Archaeology – check. Beer – check. Cool chemistry – check. Shipwreck – check. What more could you ask for, seriously?
Produced at least as far back as 7000 years ago, in 5000 BC, beer has been with us for a long time, and we’re thankful for that. It’s done a lot for us (for better or worse), and it’s about time we did something for it. Being surpassed only by water and tea in terms of worldwide popularity, a beer’s typical lifespan varies in the days usually. But if your beer is in the Baltic Sea in a shipwreck, then it could stay conserved for… say, 170 years. This is the case with five bottles of beer, which are amongst the oldest preserved beers in the world.
They were salvaged in 2010 from a shipwreck that is believed to have sunk southwest of Finland in the 1840s. They settled 50 meters below sea level, and the conditions were just right – from the temperature, which was just low enough, to the low lighting conditions and the pressure inside the bottles that kept the salt water from leaking in.
Thankfully, the salvage crew didn’t crack the load (which also included a few bottles of champagne. This gave the team at the VTT Technical Research Centre of Finland the opportunity to analyze the beer and chemically recreate the recipe, virtually reproducing this ancient beer. But here comes the good stuff.

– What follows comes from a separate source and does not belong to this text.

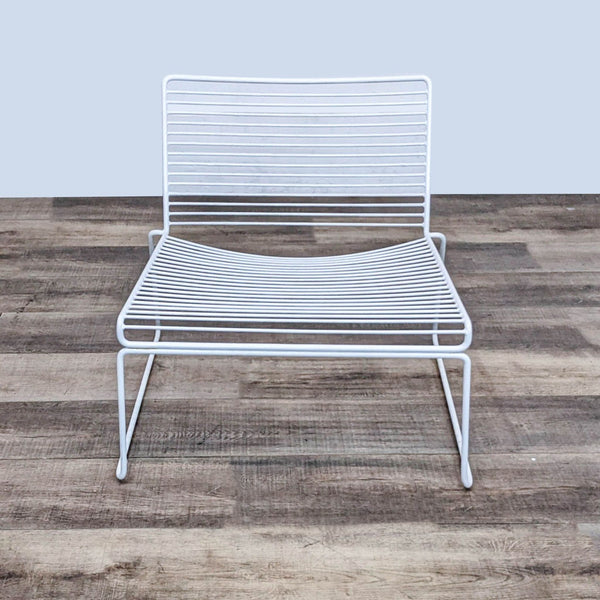 Design Within Reach Hee Lounge Chair - Low wide seat, sturdy steel frame, stackable design on wooden floor.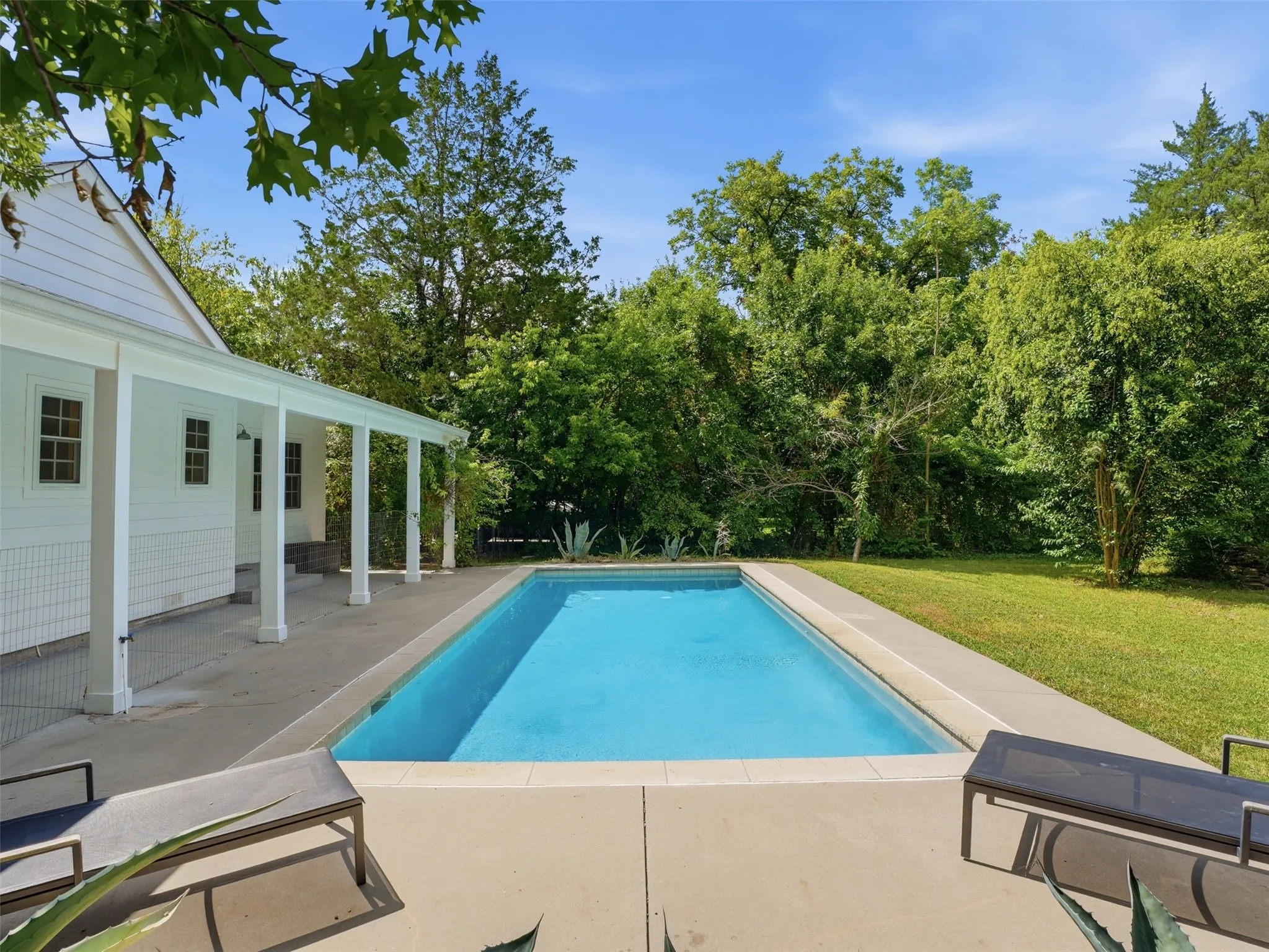 Rectangular swimming pool with a surrounding concrete patio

The findings belong to the Government of Åland, an autonomous region of Finland (who also funded the salvage), and the Stallhagen brewery of Åland will now use the recipe to produce the beer – with the biggest part of the profits going to charity, which include marine archaeological work and environmental measures to improve the water quality of the seas.
The shipwreck beer, who hasn’t yet received a name from what I can find, will go into production late this year, and it will be available for consumption in 2014.